Anche quella che fu la Regione, l’Emilia Romagna, più virtuosa di tutte, continua ad avere i suoi guai giudiziari. E dopo quelli che si sono abbattuti sul consiglio regionale ora tocca anche alla giunta. La Corte dei conti ha infatti condannato il presidente della Regione Vasco Errani e la sua giunta alla restituzione di una somma totale di 150mila euro, erogati ad alcuni dirigenti dell’ente in violazione delle norme. La sentenza, che accoglie in pieno la richiesta della procura, non riguarda l’attuale esecutivo, ma quello della scorsa legislatura in carica tra il 2005 e il 2010.
Errani, che è in carica dal 1999 ininterrottamente, nel 2007 elargì quella somma di “indennità di coordinamento” a diversi funzionari, un compenso secondo i giudici “atipico” e non dovuto. Oltre al governatore, a dover contribuire al pagamento della cifra sono altri 9 assessori della sua ex giunta che firmarono la delibera sotto accusa: Giovanni Bissoni, Duccio Campagnoli (oggi presidente di Fiera Bologna), Anna Maria Dapporto, Luigi Gilli, Guido Pasi, Tiberio Rabboni (unico rimasto da allora), Alberto Ronchi, Lino Zanichelli e l’allora vicepresidente Flavio Delbono, poi diventato sindaco a Bologna e dimessosi a causa dello scandalo Cinziagate. Si salvano dalla mannaia dei giudici Paola Manzini, Marioluigi Bruschini e Alfredo Peri, assessori in carica, ma assenti durante quella seduta. Condannato al pagamento anche l’allora direttore generale, Gaudenzio Garavini.

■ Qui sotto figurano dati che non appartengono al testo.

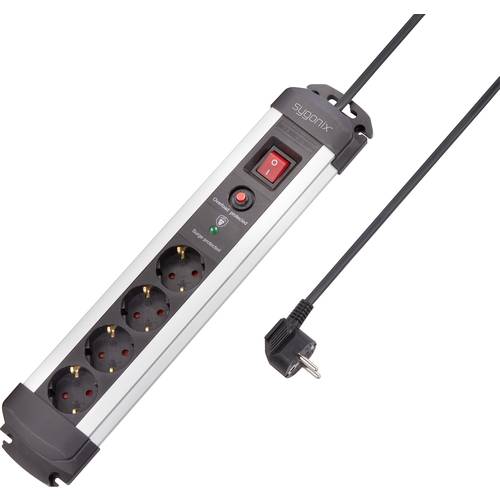Sygonix SY-4755610 Überspannungsschutz-Steckdosenleiste 4fach Silber, Schwarz Schutzkontakt 1 St.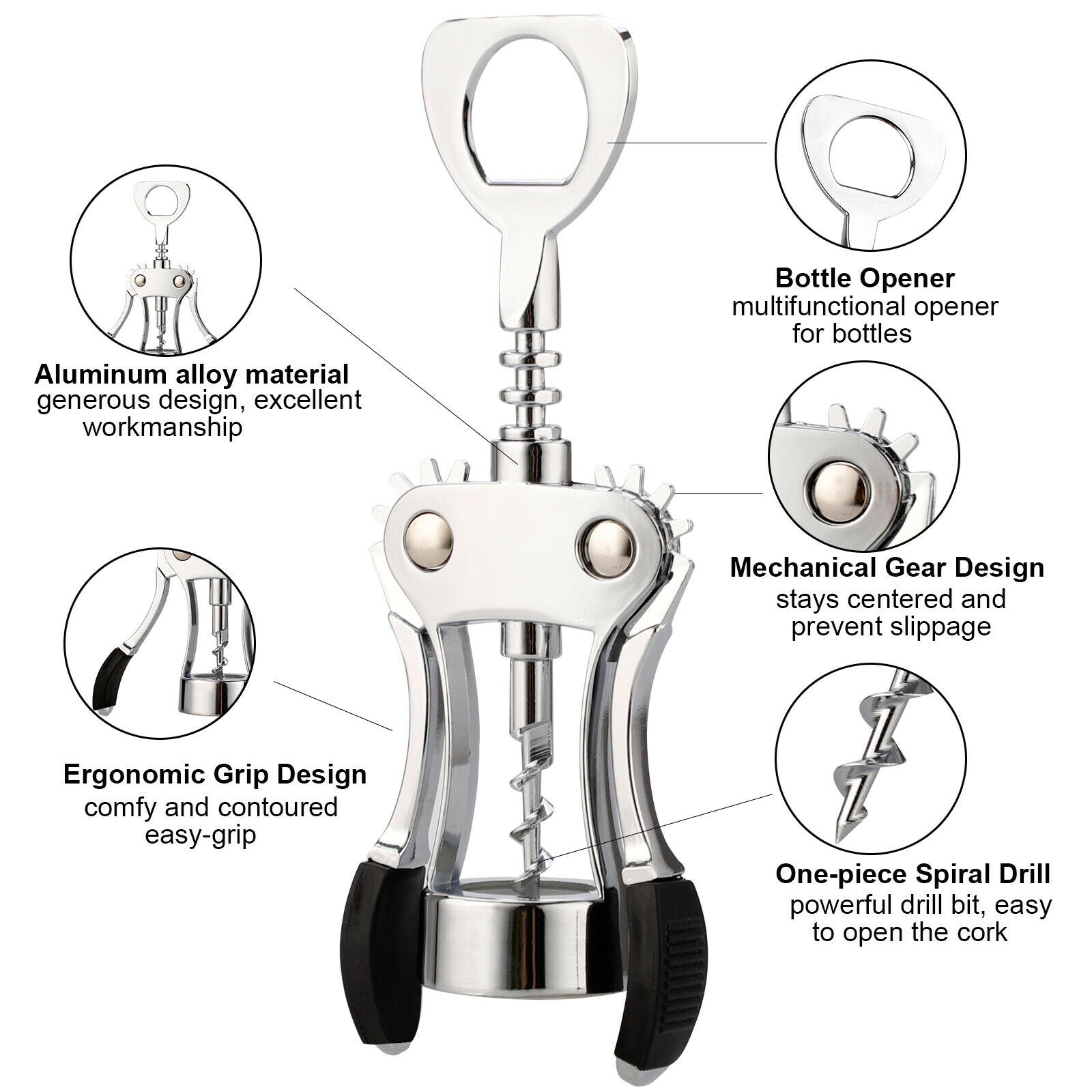 Kitchen Set Bottle Beverage Lever Corkscrew and Stainless Steel Can Tin Opener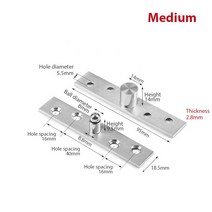 가구 싱크대 부속품 경첩 스테인레스 스틸 회전 도어 경첩 360 도 경첩 포지셔닝 숨겨진, 03 Medium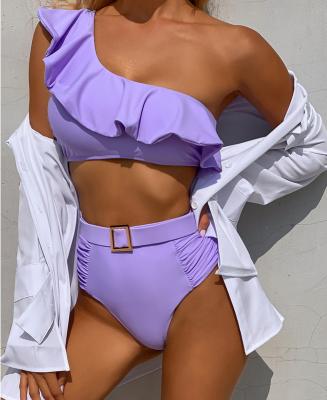 China BSS2002 High Quality Breathable High Quality One Shoulder Ruffle Swimsuit Woman Swimwear Bikini Swimwear Purple Set for sale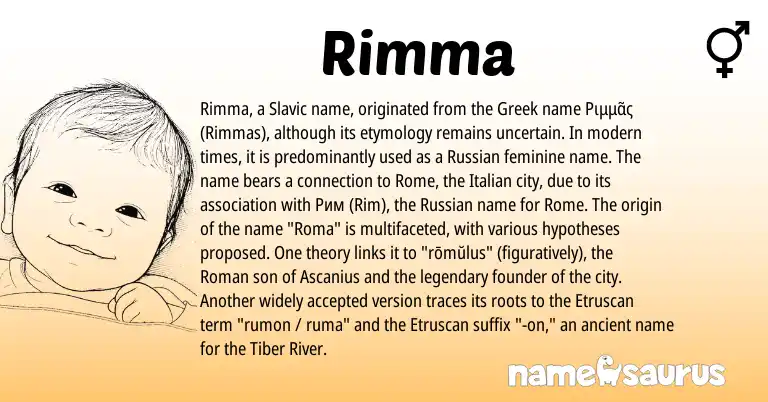 Infographic about Rimma name meaning, Rimma is a name from Slavic, Russian, Etruscan, Roman, Greek, Italian origin(s).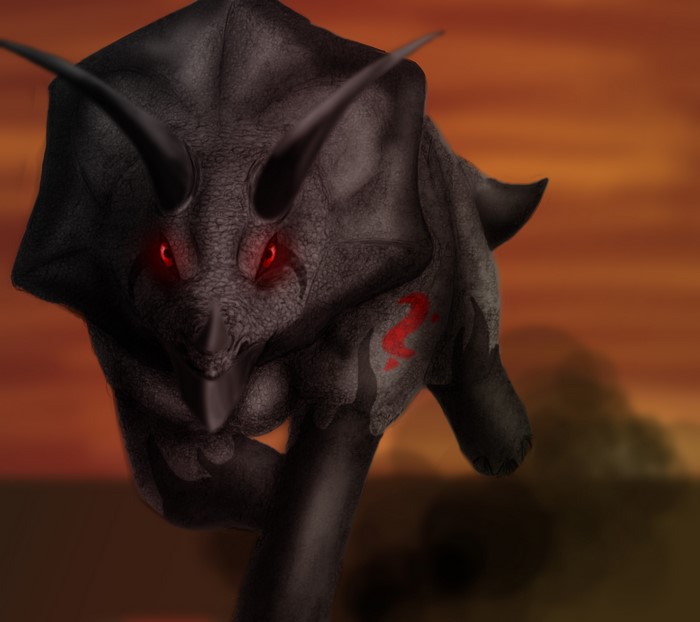 Turanoceratops with red markings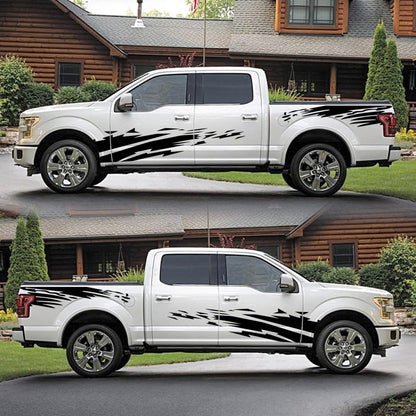HAIORD (4PCS) Striped Truck Decal Bed Mud Splash Kit Racing Striped Rear Lathe Decal Vinyl Trim Accessories Waterproof Door Body Side Decal Trim for Truck Pickup SUV Vehicles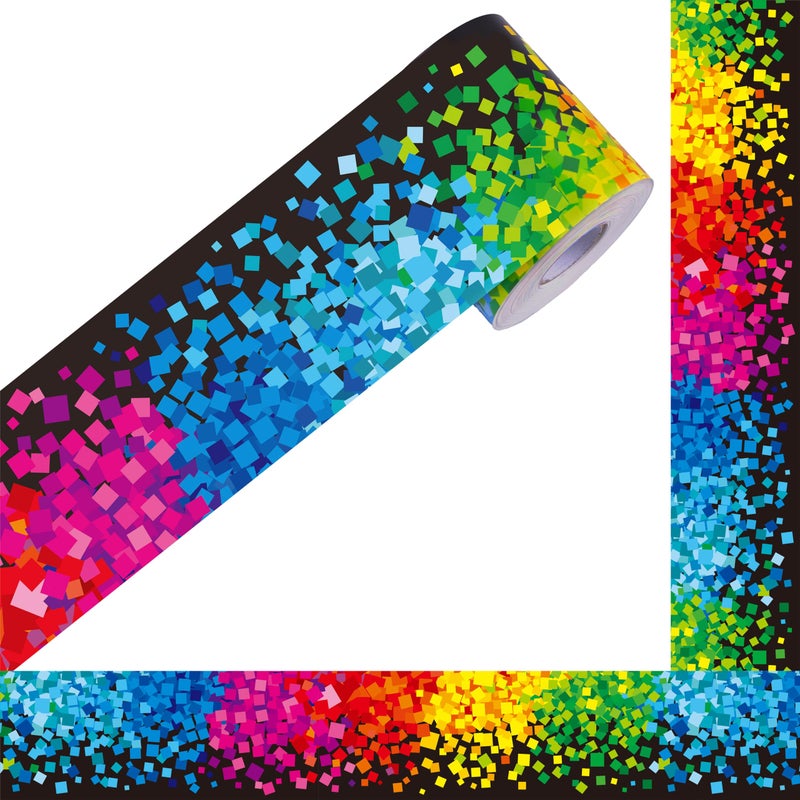 ERKE 60 Feet Bulletin Board Borders, Confetti Straight Rolled Border Trim Back-to-School Bulletin Boards Decoration, Walls, Desks, Windows, Doors for School, Classroom & Offices - Image 1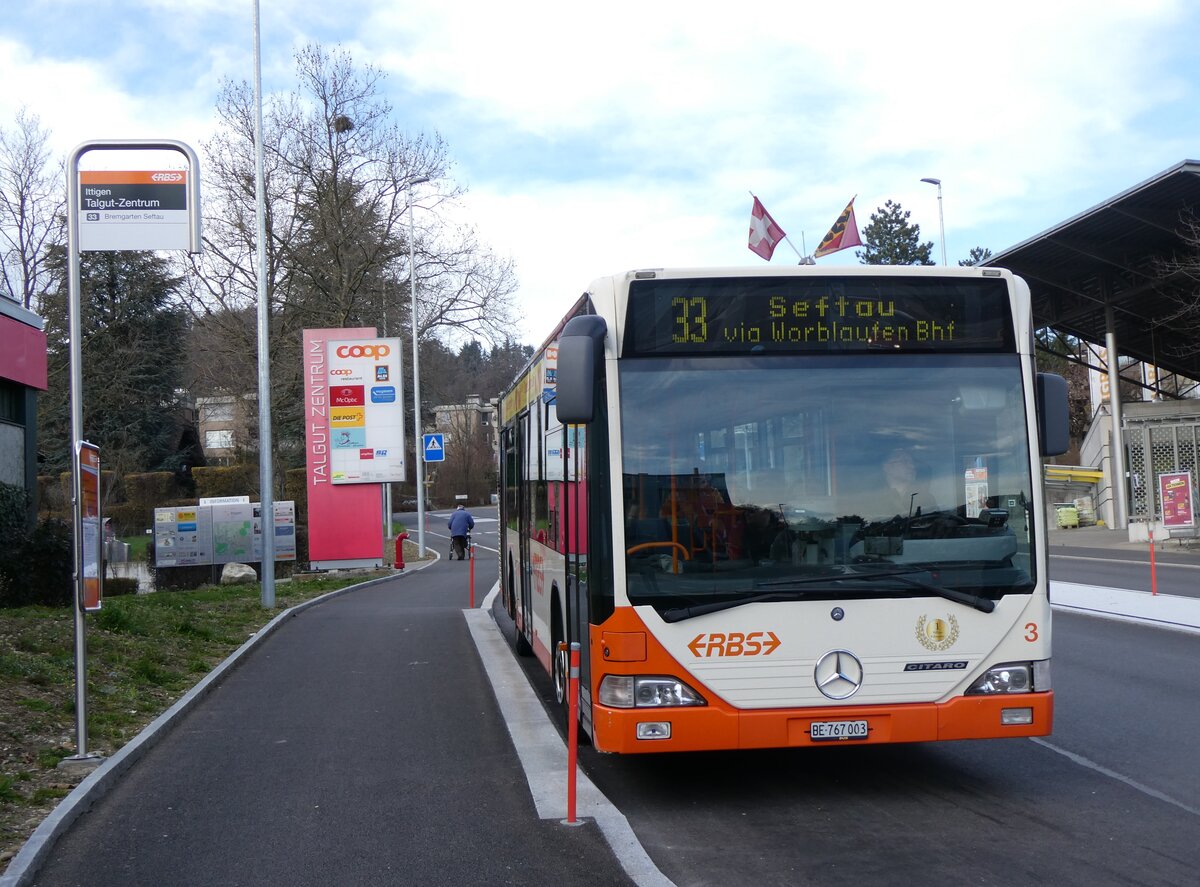 (260'069) - RBS Worblaufen - Nr. 3/BE 767'003 - Mercedes am 3. M�rz 2024 in Ittigen, Talgut-Zentrum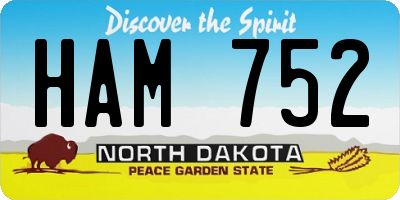 ND license plate HAM752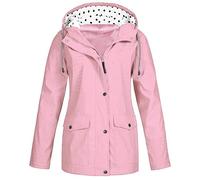 Leichte Jacke für Damen, einfarbig, modisch, lässig, Reißverschluss, Knopf, Doppeltasche, Kordelzug, mit Kapuze, Ladungsmantel, Übergröße, Hoodie-Mäntel, rose, 54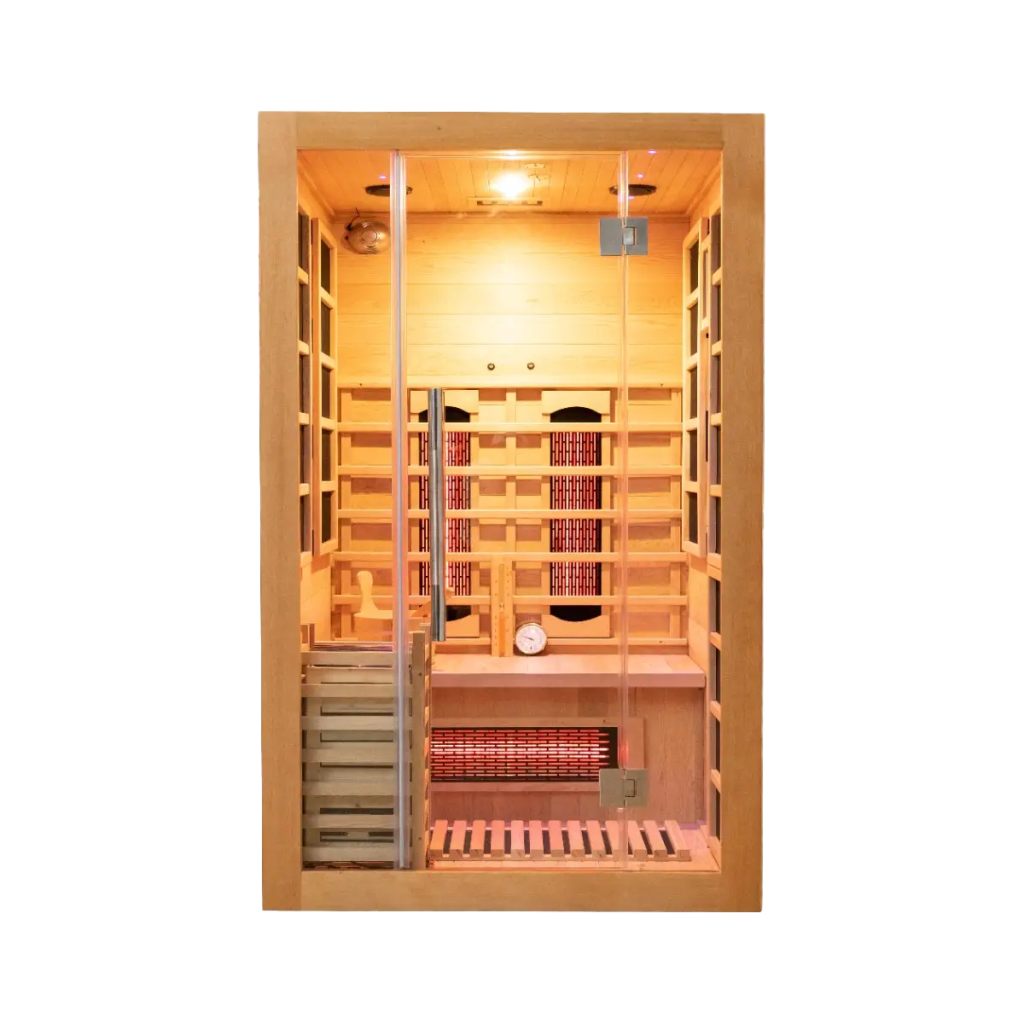 Maverick infrared combo sauna featuring full spectrum infrared heaters and hot stone traditional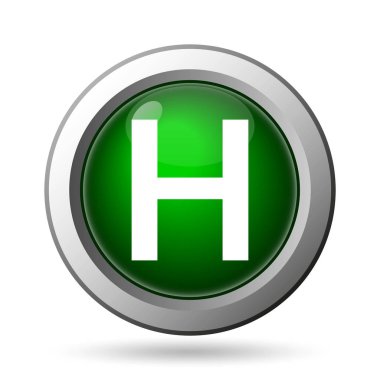 Hastane simgesi. Beyaz adam Internet düğmesini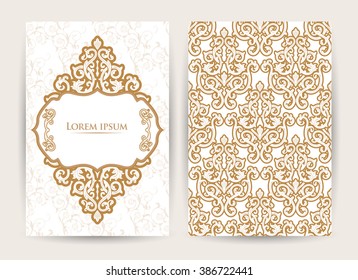 Vintage vector  pattern in east style.Place for text.Ornate element for design.Use for decoration wallpaper , design postcards , fabric .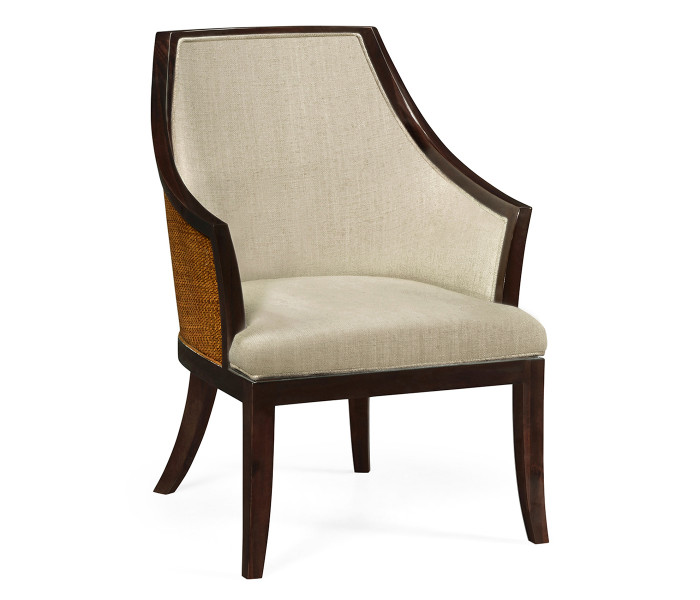 Curved Sonokelling & Rattan Occasional Chair, Upholstered in MAZO Curved Sonokelling & Rattan Occasional Chair, Upholstered in MAZO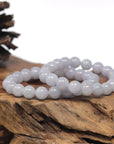 Baikalla Light Lavender Genuine Jadeite Jade Round Bead Bracelet (9mm)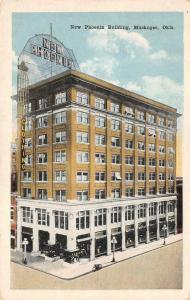 MUSKOGEE, OK Oklahoma  NEW PHOENIX BUILDING & Street View  c1920's Postcard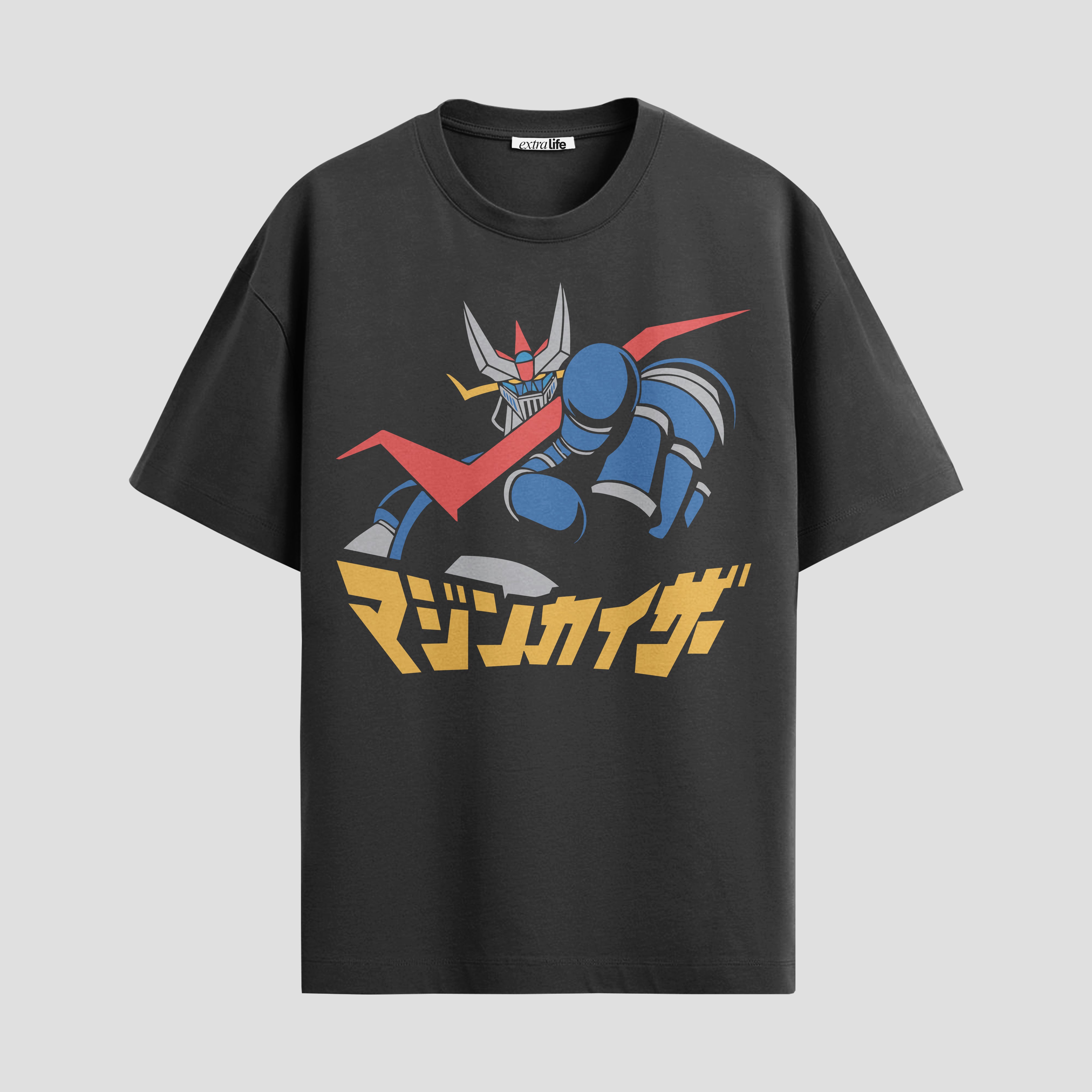 Playera urbana de anime y gaming ExtraLife MX, corte Standard Fit unisex ligero y transpirable en color Deep Black y Pure White, ropa de uso diario para gym y casual.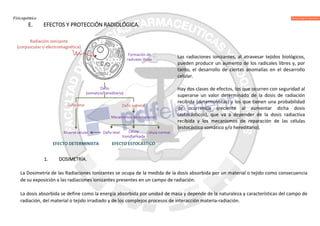 Fisicoquímica
E. EFECTOS Y PROTECCIÓN RADIOLÓGICA.
Las radiaciones ionizantes, al atravesar tejidos biológicos,
pueden producir un aumento de los radicales libres y, por
tanto, el desarrollo de ciertas anomalías en el desarrollo
celular.
Hay dos clases de efectos, los que ocurren con seguridad al
superarse un valor determinado de la dosis de radiación
recibida (deterministas) y los que tienen una probabilidad
de ocurrencia creciente al aumentar dicha dosis
(estocásticos), que va a depender de la dosis radiactiva
recibida y los mecanismos de reparación de las células
(estocástico somático y/o hereditario).
1. DOSIMETRÍA.
La Dosimetría de las Radiaciones Ionizantes se ocupa de la medida de la dosis absorbida por un material o tejido como consecuencia
de su exposición a las radiaciones ionizantes presentes en un campo de radiación.
La dosis absorbida se define como la energía absorbida por unidad de masa y depende de la naturaleza y características del campo de
radiación, del material o tejido irradiado y de los complejos procesos de interacción materia-radiación.
 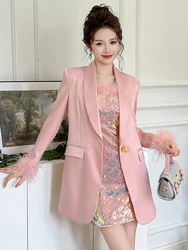 Dolce francese vestito allentato cappotto donna elegante carino rosa raso pelliccia polsino tasche giacche formale Business Blazer partito top vestiti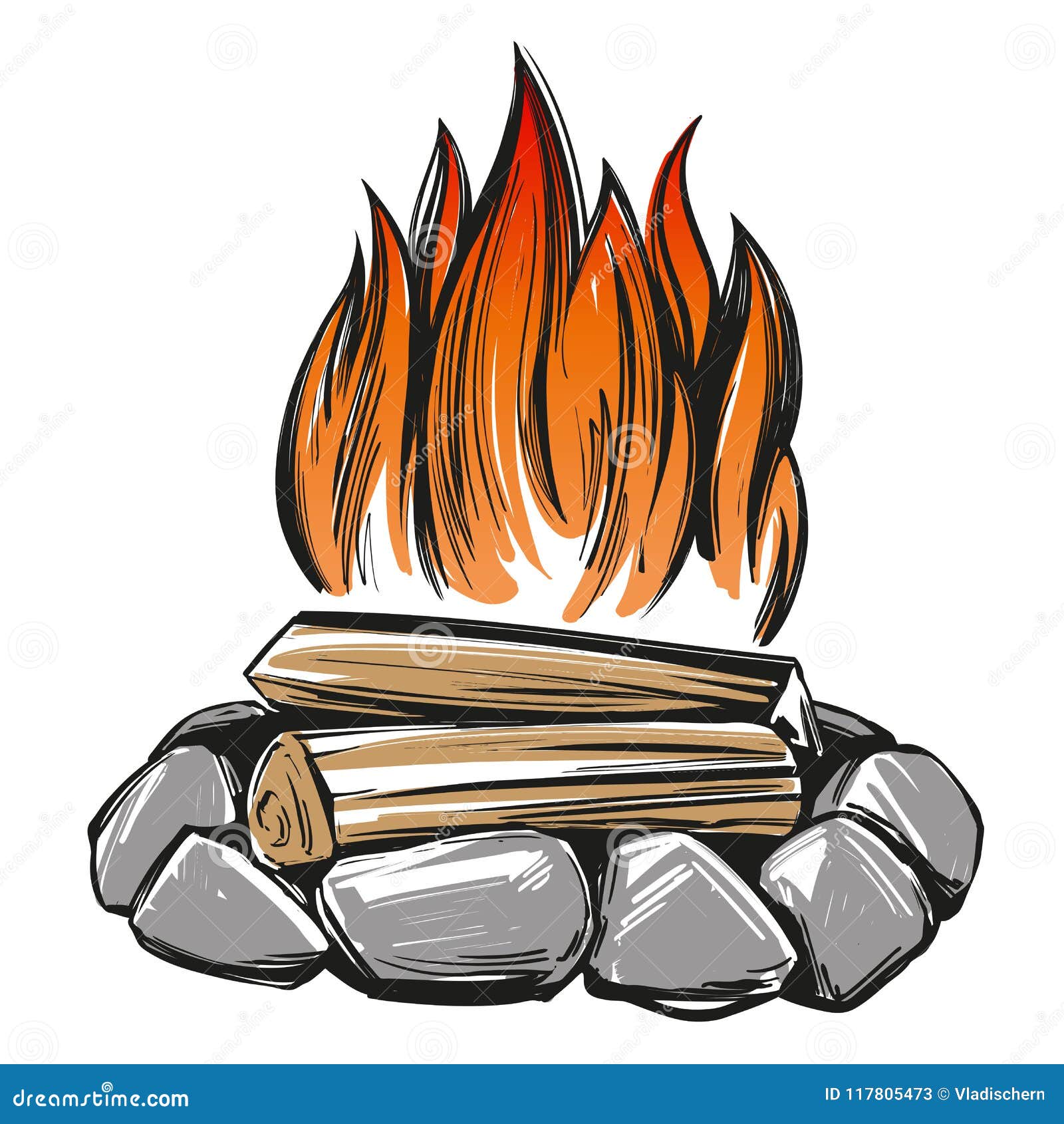 Fire Emblem Rest In The Forest Camping Hand Drawn Vector Illustration Realistic Sketch Stock Vector Illustration Of Campfire Camp 117805473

La “retribuzione di risultato di coordinamento” assegnata a 11 dirigenti apicali della Regione, era un provvedimento assunto, secondo la difesa, nell’ambito di un progetto di miglioramento organizzativo. Al contrario per la procura della Corte dei conti, guidata da Salvatore Pilato, quel compenso erogato agli 11 dipendenti (peraltro nominati direttamente dalla stessa giunta e non più dai direttori dei vari settori), non era dovuto. “Restano imperscrutabili – è stato il parere dell’accusa durante il processo – i criteri in base ai quali la giunta ha illegittimamente fatto queste scelte. Tale modo di operare, in assenza assoluta di trasparenza, oltre a non assicurare l’imparzialità dei comportamenti, è sicuramente inidoneo a tutelare il buon andamento dell’amministrazione”.
E ora, con la condanna, anche secondo i giudici i 79mila euro erogati nel 2007 e i 71mila euro erogati sino al 2009 (quando terminò il progetto) non sarebbero altro che una paga aggiuntiva per una funzione ordinaria, e quindi non dovuta. Tuttavia secondo la difesa (rappresentata dagli avvocati Franco Mastragostino e Roberto Bonatti) il fondo utilizzato era quello destinato alla retribuzione di risultato, e dunque la delibera della giunta Errani non causò alcun danno erariale.
Il governatore Pd dal canto suo ha già annunciato appello contro la condanna: “Siamo convinti della piena legittimità di quella scelta organizzativa – ha commentato Errani – che ci ha consentito di conseguire concreti risultati sul piano del miglioramento dell’attività della Regione e risparmi nei costi”. Poi ha concluso: “Come sempre – ha concluso – ribadisco che le sentenze si rispettano, anche se rimango convinto della correttezza delle nostre scelte, e per questo intendiamo chiedere un nuovo grado di giudizio”.